There are several issues that come about when participating in a group project. Questions of who your group-mates will be, how many people with be contributing, how is the project weighted, everyone’s availability, who will be the leader and so forth, these questions need to be answered within in the first couple days of being assigned the project, because there is only so much time given.
These kinds of projects are more fair when groups are randomly assigned. If a professor is going to assign a group project, they should decide who will be in what group as opposed to letting the students group themselves.
There are usually a few cliques in the room, who are either on a team together or have known each other since freshman year, but not all people have the luxury of knowing so many people in the class. And then of course there are always a few students who are not in class that day and are left out. Everyone wants to succeed and do well, so for everyone to have a fair or equal chance, groups should be randomized.
The biggest reason group projects are problematic is because not everyone is willing to put in the same amount of effort.
“Class group projects help with understanding the subject,” said junior Carolyn Rouse. “You’re able to bounce ideas off classmates and help each other with topics you may not understand… They work really well as long as everyone is putting effort in.”

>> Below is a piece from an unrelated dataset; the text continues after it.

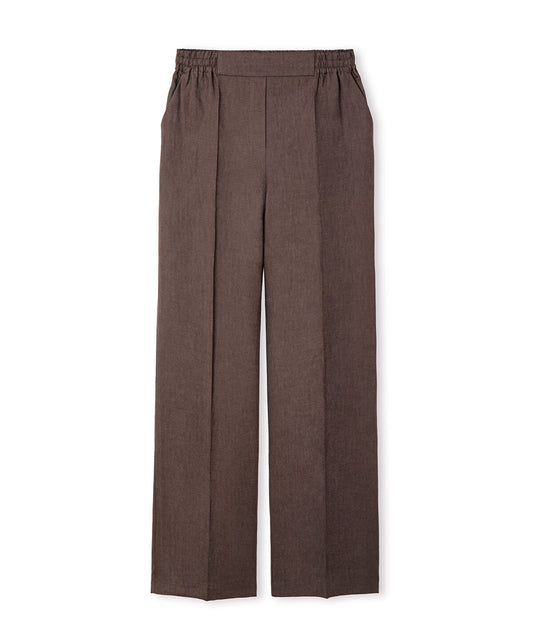 Belted Linen Wide-Leg Trousers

More times than not, I have been in a group where certain people just want to ride along for the grade and do the bare minimum or nothing at all. This is upsetting because one, you are being graded as a group, and two, if other people don’t pull their share of the weight than you have more work on your shoulders.
“If group members do not work well together, it can cause stress [and] the workload may not be divided evenly, goals cannot be accomplished in a timely manner and it can discourage people from working with teams,” said alum, Alex Monaco.
I try to go into each group project with a positive outlook and accept that this group may work out. I have just not had many great experiences and I know I am not alone in this.